A Text Analysis of Alice in Wonderland
Project Description
With an aim to bring convenience to human life, artificial intelligence (AI) is not only integrated into the functioning of one’s daily life, it is also influencing what one’s life events may be. In this regard, and as suggested by a Turing test, AI needs to be further developed to understand human behavioral perspectives and cognitive processes. While studies in cognition and of the human nervous system have spawned AI technologies that mimic some functions of the human brain, replicating higher-level cognitive functions, such as developing personality and humor, identifying contextual biases, and fostering imagination still remain elusive. In part, the difficulty of reproducing these human behaviors is because the machines have not yet learned to dream. Dreams are based on the replay of past events with their spatial and temporal context, termed episodic memory, and allow one to infer logic by drawing ties to what we know and experiment with hypothetical possibilities. And it is this that allows one to self-identify context and emotion, and use this information in the process of making decisions.
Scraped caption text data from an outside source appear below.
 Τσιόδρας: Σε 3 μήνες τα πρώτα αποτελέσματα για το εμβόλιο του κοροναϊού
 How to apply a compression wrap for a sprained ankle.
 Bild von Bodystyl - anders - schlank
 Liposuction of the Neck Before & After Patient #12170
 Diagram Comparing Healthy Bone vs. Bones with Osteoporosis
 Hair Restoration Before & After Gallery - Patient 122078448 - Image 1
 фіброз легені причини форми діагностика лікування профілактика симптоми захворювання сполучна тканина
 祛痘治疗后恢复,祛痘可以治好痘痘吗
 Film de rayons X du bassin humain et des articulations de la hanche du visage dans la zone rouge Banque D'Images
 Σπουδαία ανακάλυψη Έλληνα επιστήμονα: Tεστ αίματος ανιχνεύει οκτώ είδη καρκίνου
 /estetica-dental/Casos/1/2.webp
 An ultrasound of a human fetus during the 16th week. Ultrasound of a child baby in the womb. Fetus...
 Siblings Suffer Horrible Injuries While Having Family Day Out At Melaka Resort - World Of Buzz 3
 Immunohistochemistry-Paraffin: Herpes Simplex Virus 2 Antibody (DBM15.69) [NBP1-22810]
Though dreams are unique to every individual, in many respects, fictional literature is the closest thing in existence to the recantation of an author’s imagination. This project seeks to determine if through a descriptive text analysis of Lewis Carroll’s Alice in Wonderland (AiW), accurate meanings of the events in Alice’s dream can be illustrated. As the author of AiW and Symbolic Logic, Carroll (a.k.a. Charles Dodgson) created a work of fiction that uses dream states to simulate a series of logic problems. By using techniques of text analysis, this project aims to identify and define connections to episodic memory in fictional literature, and propose a method for future studies which use algorithms to train machines to acquire “human-like” episodic memory.
Research design & Methods
The source material for this analysis is the 1916 illustrated edition of Lewis Carroll’s Alice in Wonderland from Sam L Gabriel Sons & Company found on Project Guttenberg. The text was downloaded directly from Project Guttenberg through R as text object—a tibble of 1,299 rows of characters in one column. A preliminary evaluation of the document, revealed a frequency skew to the word “Alice”. To account for this, Alice was added to the list of stopwords and two corpuses were created—one that included the term “Alice” and one that did not. Topic modeling with Latent Dirichlet Allocation (LDA) was used to identify clusters in the story and increase stop word lists. A sentiment analysis was used to examine the overall text for positive-negative polarity and the key emotional state. And N-grams were used to confirm the identity of the most frequently occurring characters.
Results & Reflection
Topic Modeling
The study of two- and six-form topic models that did not include the term “Alice” were more predictive of events throughout the book. I believe the accuracy of these models would further increase as more stop words, suggested through n-gram studies, are added.
Sentiment Analysis
The sentiment analysis mirrored aspects of the topic modeling, as many of the main characters (except Alice) were described. Future studies could endeavor to include Alice as a n-gram term for more varied insight on the context of events. The summary of the text provided by the Plutchik terms of sentiment analysis describe AiW as a mostly positive tale full of overwhelming anticipation, joy, and trust.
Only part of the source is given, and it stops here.